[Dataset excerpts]
== Segment start ==
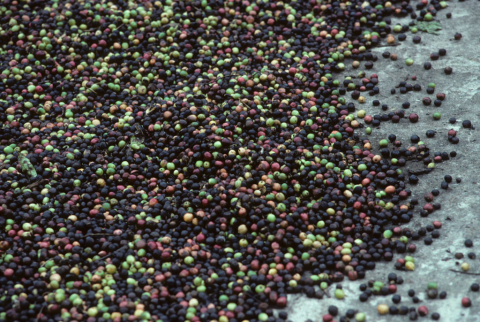 Coffee drying in Misahualli, Ecuador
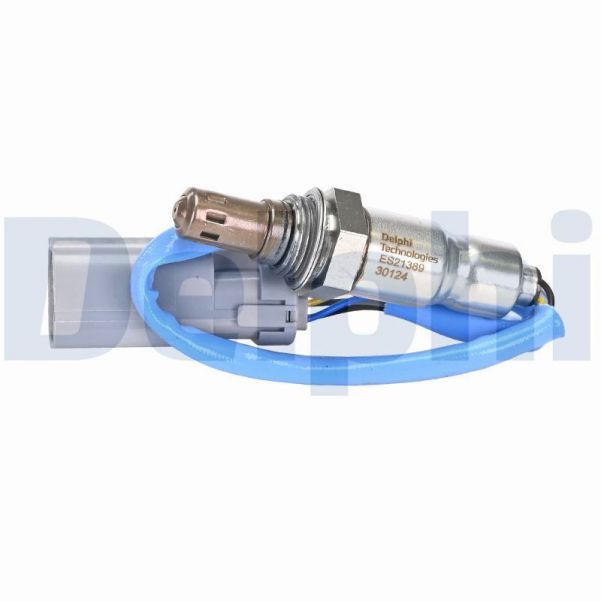 Delphi ES21389-12B1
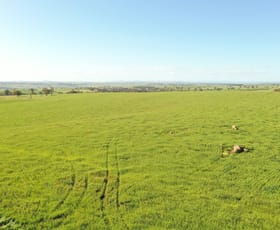 Rural / Farming commercial property sold at "Kirks" Kingsvale Road, KINGSVALE via Young NSW 2594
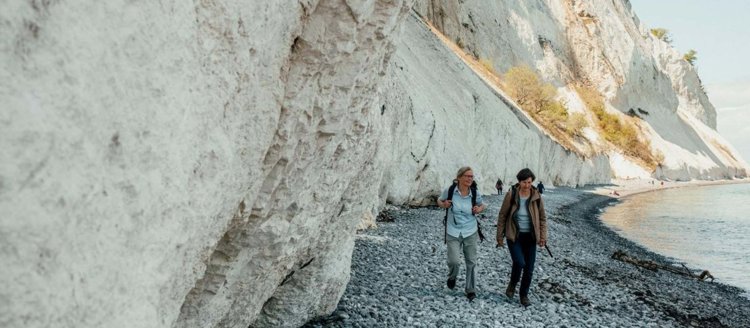 Møns Klint 2288X1000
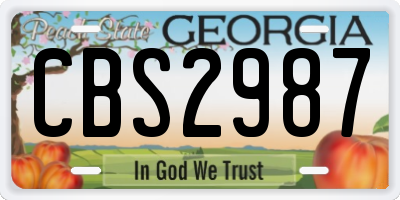 GA license plate CBS2987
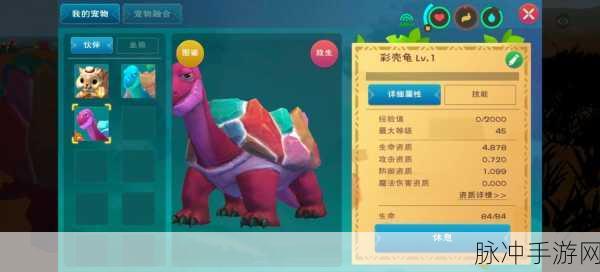 探寻创造与魔法彩壳龟与熔岩海龟的神秘栖息地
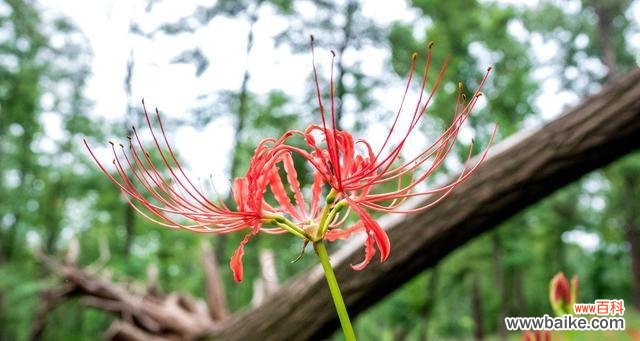 揭示彼岸花背后的意义与寓意 彼岸花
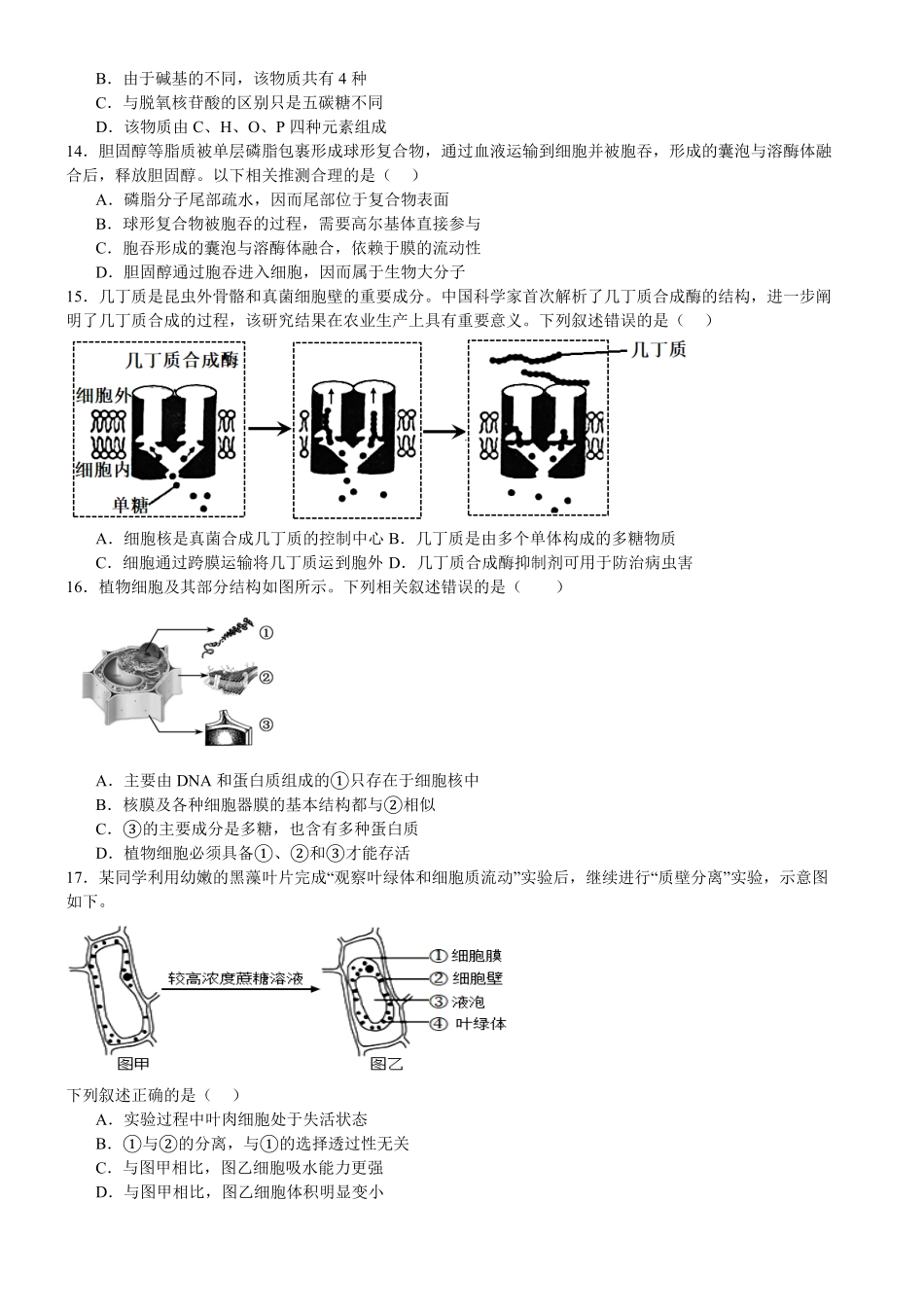 河南省驻马店市新蔡县第一高级中学2024-2025学年高二下学期6月月考生物试题（含答案）.pdf_第3页
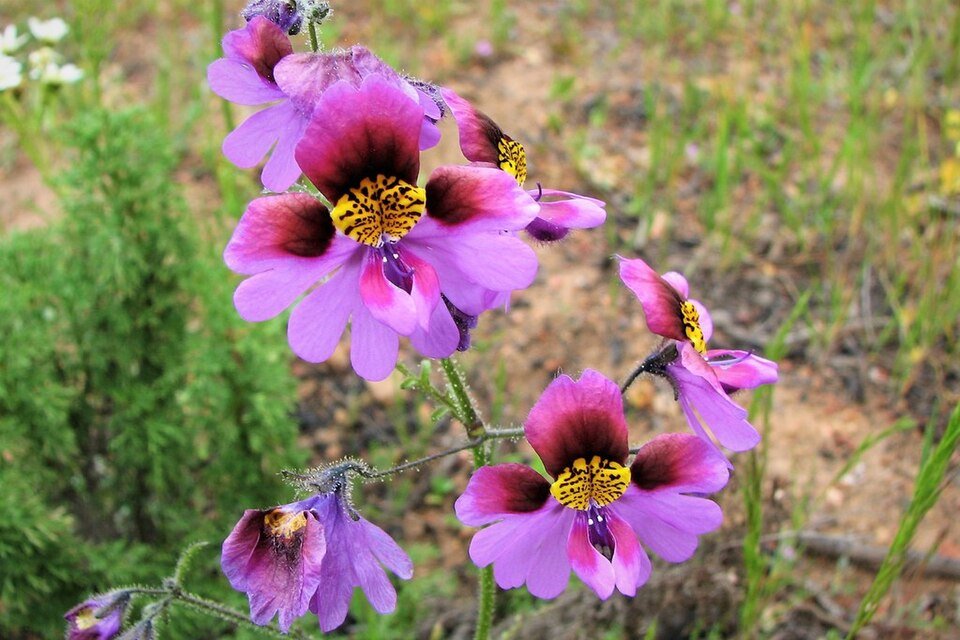 Schizanthus carlomunozii var dilutimaculatus bloemen in paars, roze en wit.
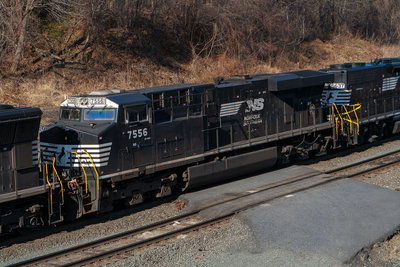NS 7556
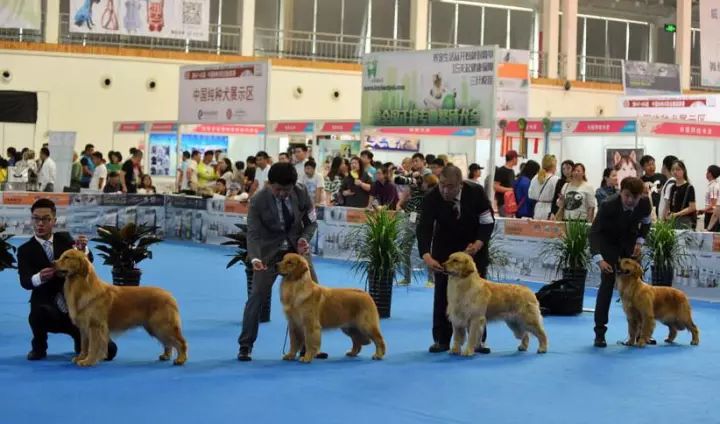 就在明天,中国宠物文化节在陈村开幕!一大波猫狗草泥马小狐狸来袭!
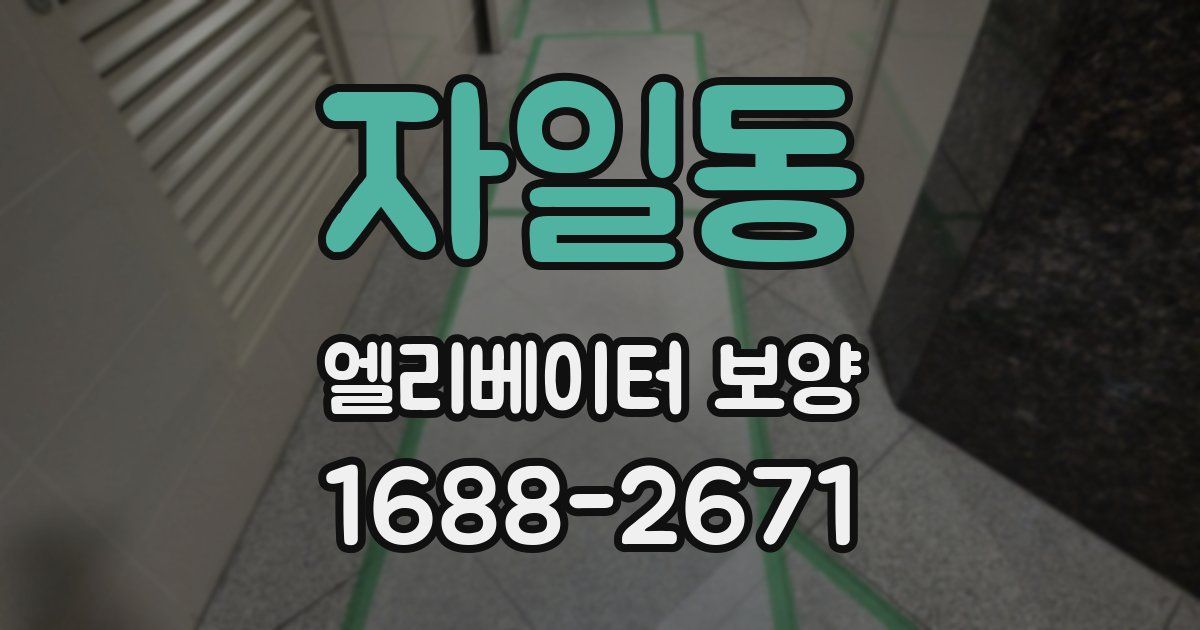 자일동 엘리베이터 보양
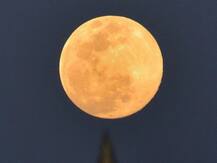 Super Moon 2020: वॉर्म मून, पिंक मून के बाद अब 7 मई को फ्लॉवर मून देखने के लिए रहें तैयार, ऐसा दिखेगा चांद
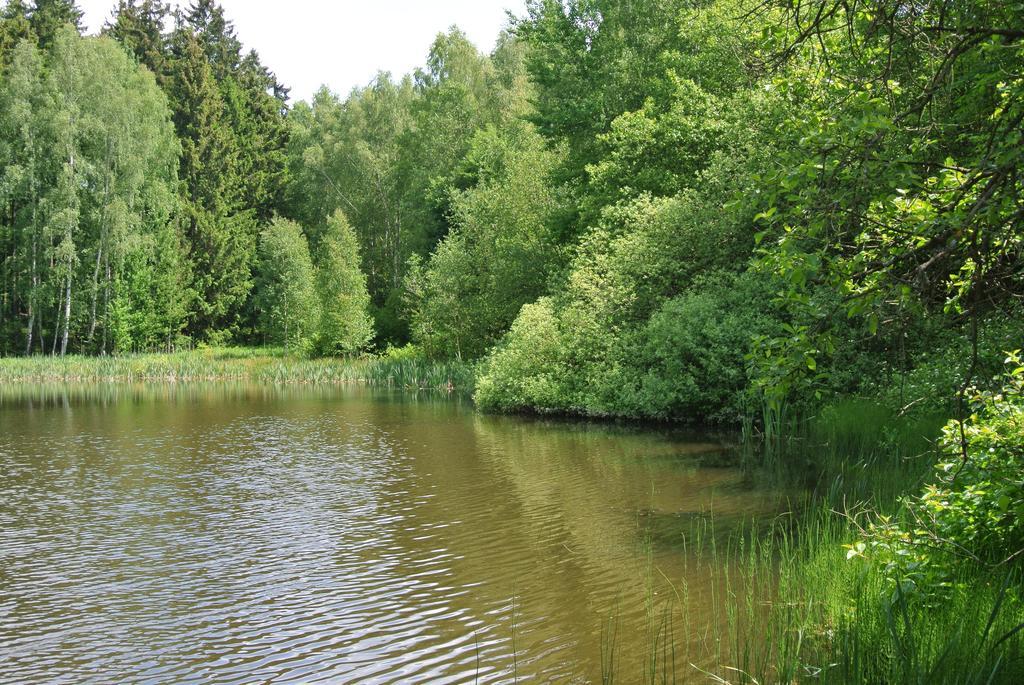 Ferienwohnungen Treseburg "Zur Bodehexe" Thale Buitenkant foto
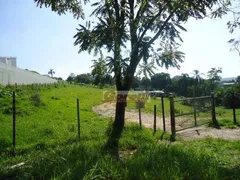 Terreno / Lote Comercial à venda, 20000m² no Rio Abaixo, Itaquaquecetuba - Foto 30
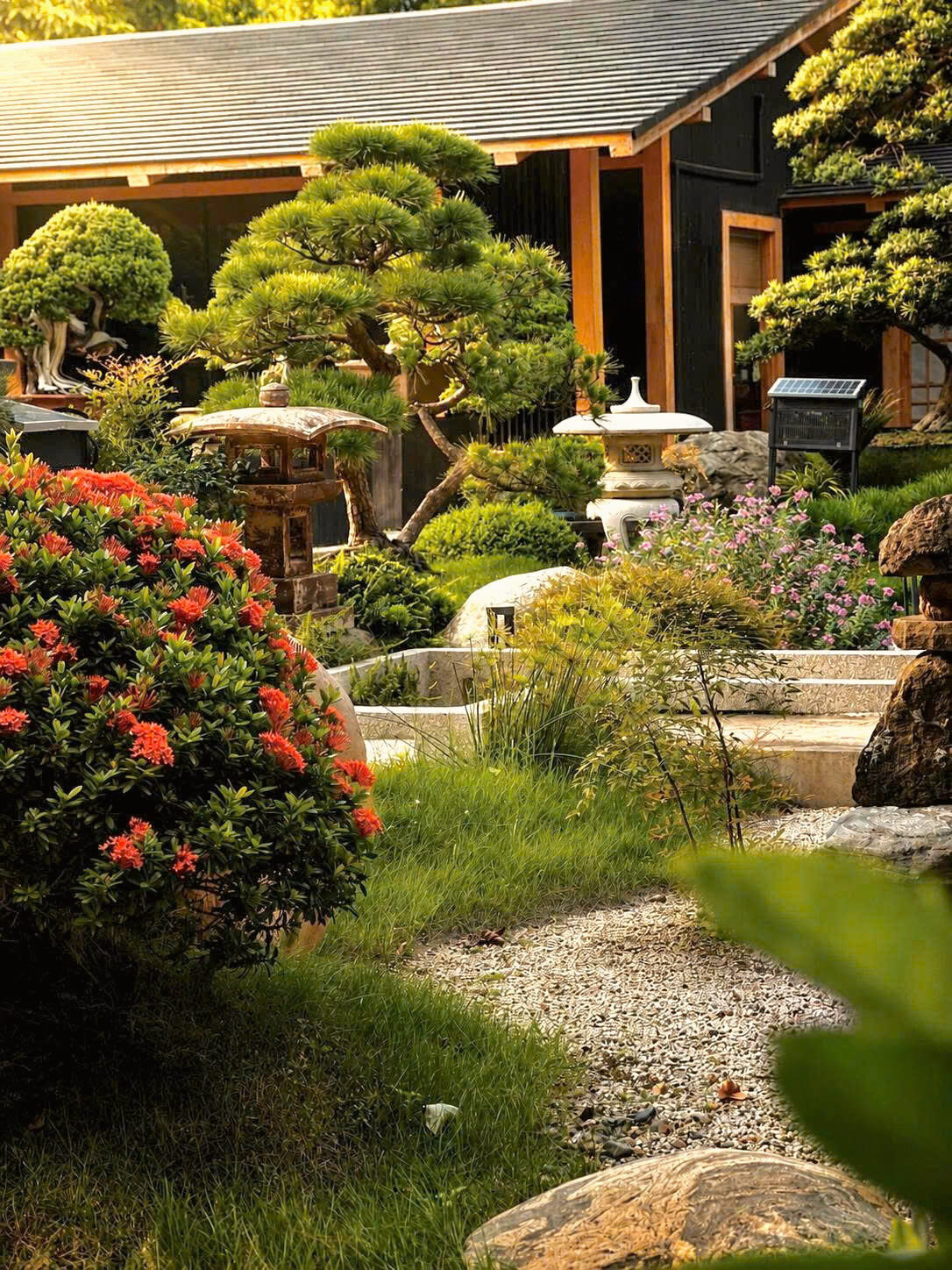 Góc vườn Zen với Bonsai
== Segment end ==
Work required:
Where a line contains "Schizanthus carlomunozii var", begin there and set down exactly each line through the end of the data above, omitting any pictures.

Output of the exercise:
 Schizanthus carlomunozii var dilutimaculatus bloemen in paars, roze en wit.
NS 7556
 就在明天,中国宠物文化节在陈村开幕!一大波猫狗草泥马小狐狸来袭!
 자일동 엘리베이터 보양
 Super Moon 2020: वॉर्म मून, पिंक मून के बाद अब 7 मई को फ्लॉवर मून देखने के लिए रहें तैयार, ऐसा दिखेगा चांद
 Ferienwohnungen Treseburg "Zur Bodehexe" Thale Buitenkant foto
 Terreno / Lote Comercial à venda, 20000m² no Rio Abaixo, Itaquaquecetuba - Foto 30
 Góc vườn Zen với Bonsai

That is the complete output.